In 2014, I was invited to serve as EIR at GigTank because they were creating the very first 3D printing accelerator in the country at the time. They knew I had a background in industrial technology, manufacturing and engineering and was certified in 3D printing by the Society of Manufacturing Engineers. I could meet with all 10 3D printing companies and walk them through product development and the manufacturing process and help them tailor 3D technologies and equipment to the types of products they were producing.
I very much enjoyed engaging with startup companies and founders directly and understanding the markets they serve, the products they are creating and how they plan on manufacturing those products. I would say that I’m most valuable to the Durham community in engaging and digging in and understanding what people are building, why, for whom, to solve what problem and helping them walk through what they might need to launch those products.
Any initial goals and plans that you included in your application?
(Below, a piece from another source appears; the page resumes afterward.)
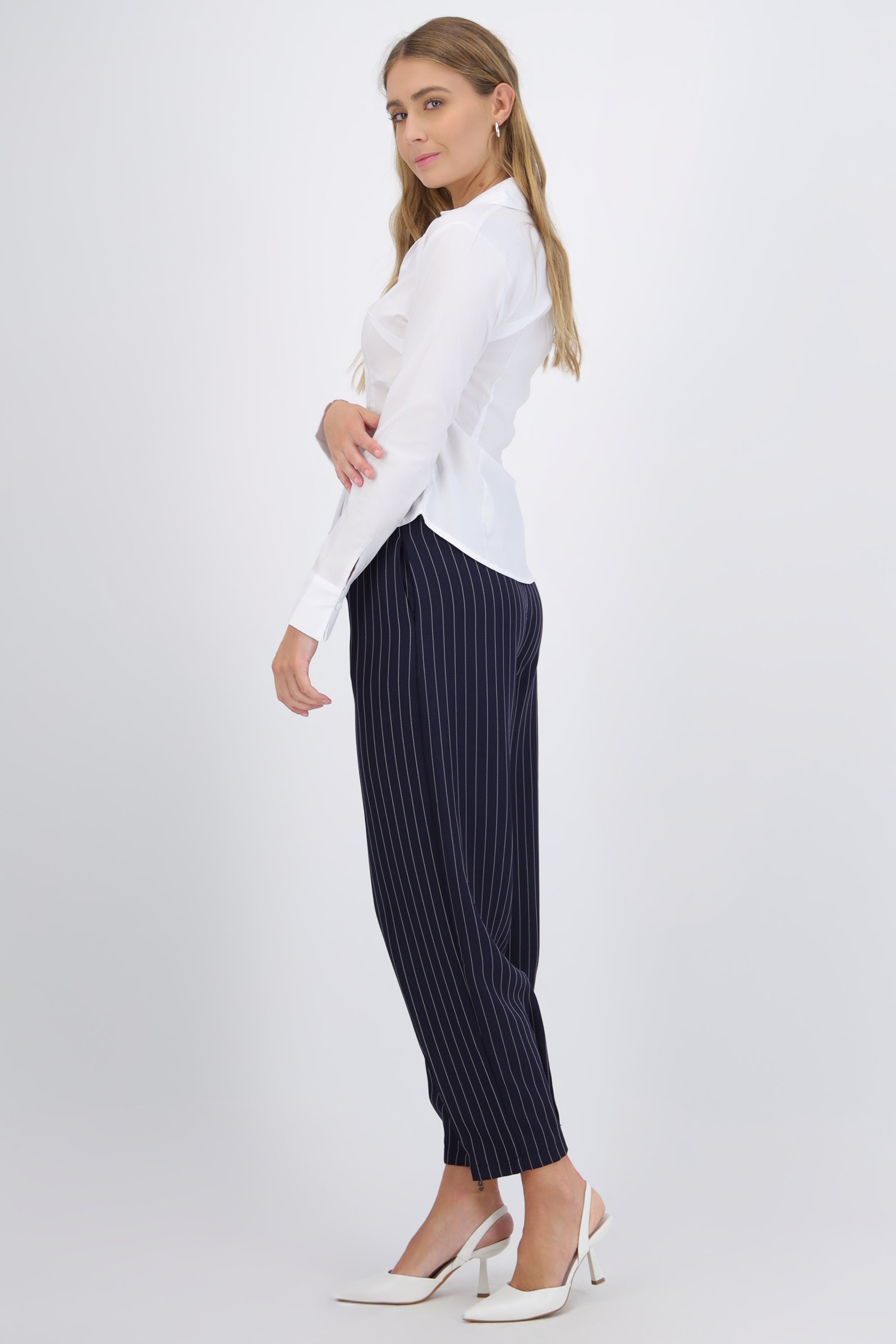Pantalón de rayas sastre barrel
A number of initiatives we are coordinating with the AU, with Google for Entrepreneurs and the CODE2040 program. Among them is helping to shape the conversation around venture investing into companies with diverse founders. That is very important for me and it’s also a hot topic with leading accelerators and venture firms in the country, led by 500 Startups, Y Combinator and Kapor Capital. I hope to extend that conversation to NC. I think we have a great opportunity to be one of the key locations in the country that excels at investing and supporting diverse startups and I look forward to making sure that happens.
How will you build on the momentum created by Talib while making your own mark?
Talib did an absolutely phenomenal job in developing architecture around the CODE2040 initiative. His ability to reach out to various communities and get them engaged in programming was second to none. I will be expanding on what built, adding a few new programs and systems and looking beyond my next year of the EIR program and thinking about how we can make it sustainable long term.
Any advice for anyone trying to create an inclusive organization?
There is a great article by Freada and Mitch Kapor of Kapor Capital where they outline all the things from a venture capitalist perspective that venture investors need to keep in mind in order to create a diverse organization. That article really points to a number of things, including No. 1 empathy, but also changing the lenses by which we see diversity and also changing our notion of what investing in diverse candidates looks like. I would highly recommend that.
What are your goals for Cathedral over the next year? Why do you think Durham will be a good place to continue to build the business?
It’s all about talent pool, talent pool, talent pool. Durham has such a unique talent pool with which to build a company like ours that’s very platform technology intensive, data intensive and requires a great deal of novel digital marketing approaches. There is a ready and prepared talent pool in the space we need them to be in.
Over the next year, we want to get through our seed capital raise. We want to extend our technological platform to add additional functionality and tweak it for certain submarkets within equipment leasing. We want to develop strategic partnerships with more equipment distributors and banks and leasing companies. We also want to at least start thinking about what it takes to reach out well beyond U.S. borders.
And finally, what’s something fun the Durham community should know about you?
I would say that my favorite restaurant of all time is the Italian pizzeria on Holloway Street. I have probably spent $10,000 in that place or more. They should have a sandwich named after me by now. That place has a special place in my heart and always will.
Pictured above from left to right: Doug Speight of Cathedral Leasing, Laura Weidman-Powers of CODE2040 and Jes Averhart of American Underground.